Crawled caption data:
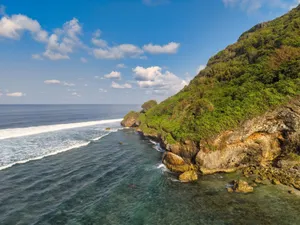 Stunning view of a lush cliffside and ocean in Bali, showcasing nature's beauty. jigsaw puzzle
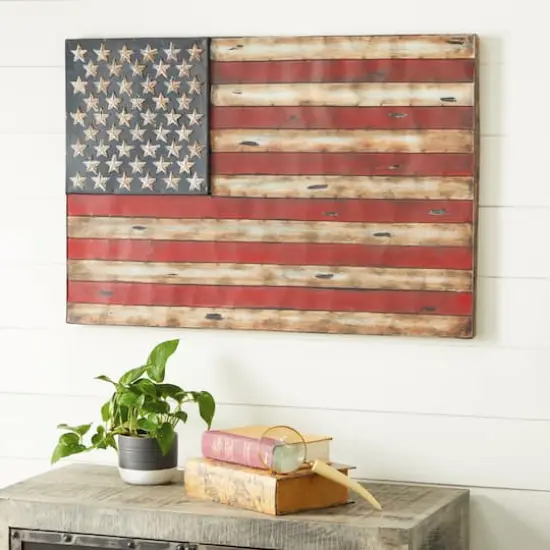 Distressed Metal Vintage American Flag Wall Accent {7}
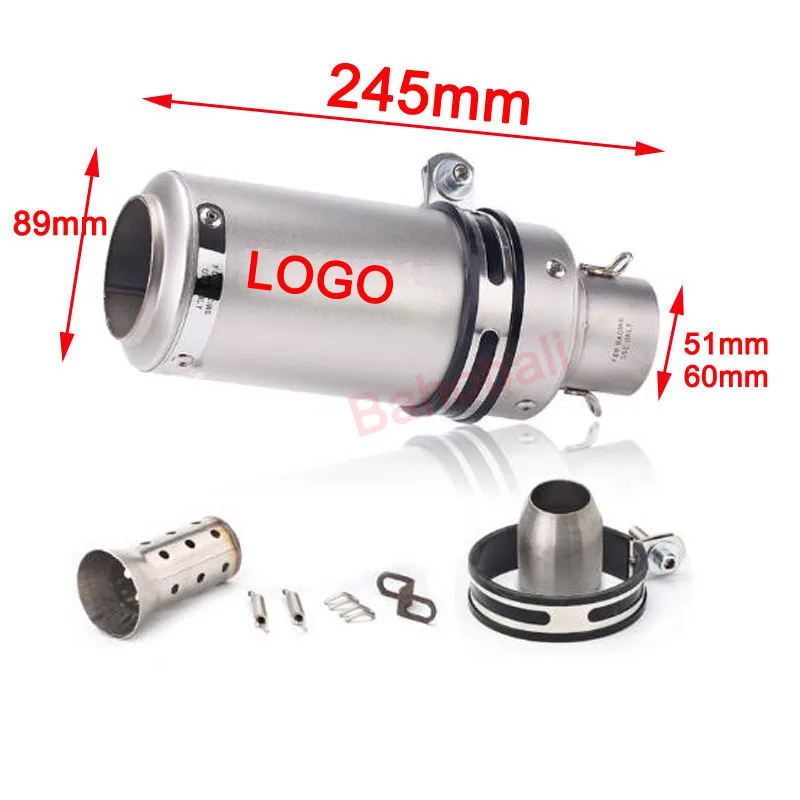 Universal Motorcycle 51mm 60mm sc Exhaust Pipe Escape Modified-project Scooter Muffler For CBR500 FZ6N R3 R6 GSXR1000 tmax530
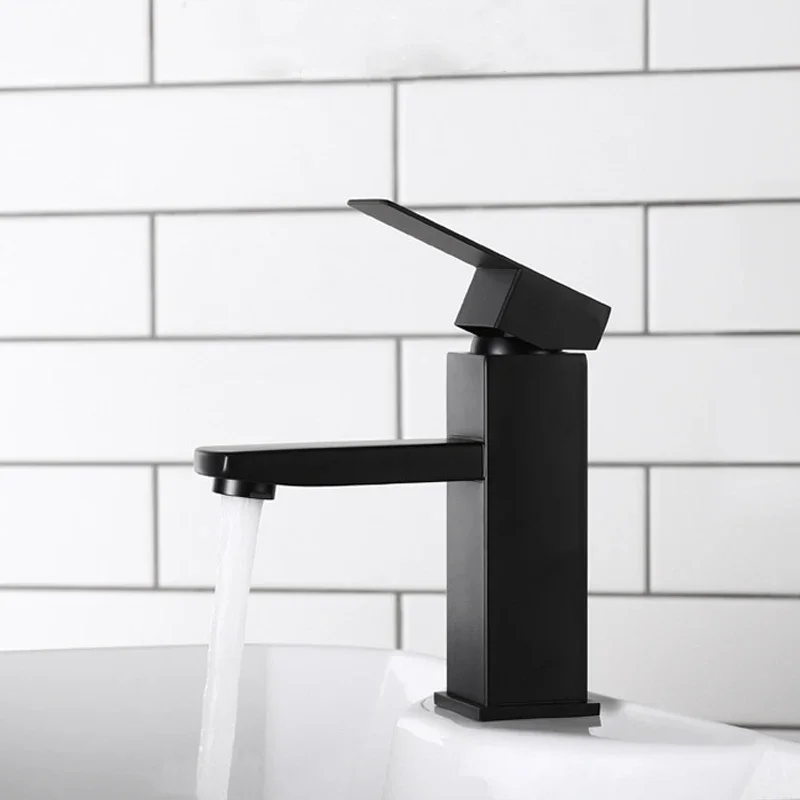 Bathroom Basin Faucet Stainless Steel Fashion Black Square Single Hole Baking Paint Cold and Hot Mixer Water Sink Taps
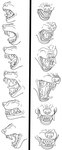 ambiguous_gender anthro bared_teeth front_view growth jaws mid_transformation open_mouth sharp_teeth side_view snout snout_growth solo teeth tongue transformation transformation_sequence video_at_source adaru32 mythology canid canine human mammal mythological_canine mythological_creature werecanid werecanine werecreature werewolf black_and_white monochrome video_in_description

WORK REQUIRED: Apart from the pictures, repeat the data above exactly.

RESULT BELOW:
 Stunning view of a lush cliffside and ocean in Bali, showcasing nature's beauty. jigsaw puzzle
 Distressed Metal Vintage American Flag Wall Accent {7}
 Universal Motorcycle 51mm 60mm sc Exhaust Pipe Escape Modified-project Scooter Muffler For CBR500 FZ6N R3 R6 GSXR1000 tmax530
 Bathroom Basin Faucet Stainless Steel Fashion Black Square Single Hole Baking Paint Cold and Hot Mixer Water Sink Taps
 ambiguous_gender anthro bared_teeth front_view growth jaws mid_transformation open_mouth sharp_teeth side_view snout snout_growth solo teeth tongue transformation transformation_sequence video_at_source adaru32 mythology canid canine human mammal mythological_canine mythological_creature werecanid werecanine werecreature werewolf black_and_white monochrome video_in_description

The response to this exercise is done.